Le 27 décembre 1958 avec l’instauration du nouveau Franc Français (FRF), 1 F CFA coûtait 0,02 FRF. A la dévaluation du Franc CFA de 50 % le 11 janvier 1994, 1 F CFA était estimait à 0,01 FRF. Depuis le 1er janvier 1999, 1 € est égal à 655,957 F CFA d’où l’arrimage du Franc CFA à l’Euro qui offre une convertibilité (une crédibilité internationale) pour le rapatriement des réserves provenant essentiellement des recettes d’exportations par le mécanisme du compte d’opération du trésor français. Ce compte d’opération disparaît avec la naissance de l’Eco. II) L’ECO: de l’Abandon du FCFA et de la création d’une monnaie sous régionale L’abandon du FCFA, du moins dans sa forme actuelle, requiert à juste titre une réflexion profonde étant entendu que les pays membres ont des situations économiques fortement asymétriques. Au-delà du changement du nom (Fcfa à l’Eco), de la fin de la centralisation de la moitié des réserves de change de la BCEAO au Trésor Français ainsi que le retrait des représentants de la France des instances de gouvernance où elle était présente, de la suppression du compte d’opération, tout autre changement brusque (notamment la levée de la contrainte liée à la régulation institutionnelle et à l’impression et la fonte de la (nouvelle) monnaie, l’Eco) ne se fera pas sans conséquences.

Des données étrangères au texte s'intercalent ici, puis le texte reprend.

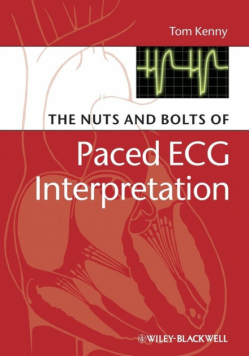 The Nuts and Bolts of Paced ECG Interpretation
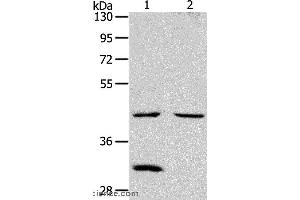 Western blot analysis of Mouse kidney and heart tissue, using NCEH1 Polyclonal Antibody at dilution of 1:1300 (NCEH1 antibody)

Pour tourner la page du passé monétaire amphigourique – sans tout à fait le renier – le franc CFA rebaptisé Eco maintient le lien de parité fixe avec l’euro (1 euro = 655,96 francs CFA). Ce qui garantit la même valeur de la monnaie pour les consommateurs et pas de brusques dévaluations possibles. Toujours à cause de ce lien avec l’euro, l’Eco est une monnaie plutôt forte, ce qui devrait faciliter les importations. En revanche, les pays de la zone franc sont pénalisés pour les exportations.
L’arrimage à l’euro empêcherait les Etats de proposer des prix compétitifs au détriment des exportations. Dès lors, il est important de faire une analyse fine en termes de coûts/bénéfices pour la Zone Franc. Les arguments pour ou contre le système du FCFA tournent autour de la convertibilité (une crédibilité internationale), la mise en commun des réserves (pot commun de devises), la maitrise des dépenses publiques (le Trésor français consent des avances mais, en aucun cas, elles ne peuvent dépasser 20 % des recettes budgétaires, pays par pays), l’évaluation par l’Union européenne (le rattachement à l’euro comme ancrage du taux de change est généralement reconnu d’avoir eu des effets favorables dans la région en termes de stabilité macroéconomique).
Aussi, pour ne pas tomber dans les travers d’une « catastrophe monétaire », il est important de considérer l’apprentissage de la gestion monétaire si l’on se réfère aux monnaies zambienne, angolaise, kenyane, ou encore vénézuélienne ou argentine qui « toutes ont été ou sont dans des situations difficiles », car ne pouvant pas « supporter des chocs exogènes ».
Dans la Zone Franc, le niveau actuel des déficits budgétaires (-6,7%) et de l’éventuelle monétisation de la dette pourraient également engendrer des effets négatifs importants qui seraient un prix exorbitant à payer pour l’abandon radical du FCFA, du reste pour sa forme actuelle. Mais il est clair que le FCFA, avec des clauses qui sont dépassées, doit être réformé pour faire place à une monnaie africaine au service du développement.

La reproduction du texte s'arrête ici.